Code Flow: From Rust to Running Binary
Here’s a visual of how the flow works:
Rust Source Code
↓
rustc (target = wasm32-wasi)
↓
WASM Binary (.wasm)
↓
Embedded WASI Runtime
↓
Sandboxed Execution on Device
This modular design allows firmware updates to ship as WebAssembly modules instead of binary flashes — reducing risk and increasing safety.
The Real Reason This Matters
WASI isn’t just about running WebAssembly outside browsers — it’s about redefining how software interacts with hardware.
For decades, developers were tied to OS APIs and libc. Now, we’re seeing the rise of system-independent binaries — code that can run on any device with a WASI runtime.
It’s not science fiction.
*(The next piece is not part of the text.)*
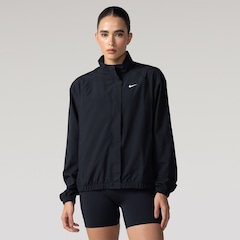 Jaqueta Feminina Nike One DF WVN - Foto 1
It’s happening in IoT gateways, edge servers, and microkernels today.
The Future: WASI 0.3 and Beyond
The next generation of WASI introduces:
- Async I/O support (finally!)
- Networking capabilities
- Streams
- Component model integration (for inter-module linking)
And Rust, again, is leading the charge — because its type system and ownership model naturally fit WASI’s isolation guarantees.
Final Thoughts
Rust gave us memory safety. WebAssembly gave us sandboxing. WASI combines both — turning “safe code” into portable, deterministic, embeddable software.
It’s no longer about running Rust in the browser — It’s about running the browser model everywhere else.
“The future of embedded systems isn’t C. It’s safe, sandboxed, and compiled from Rust.”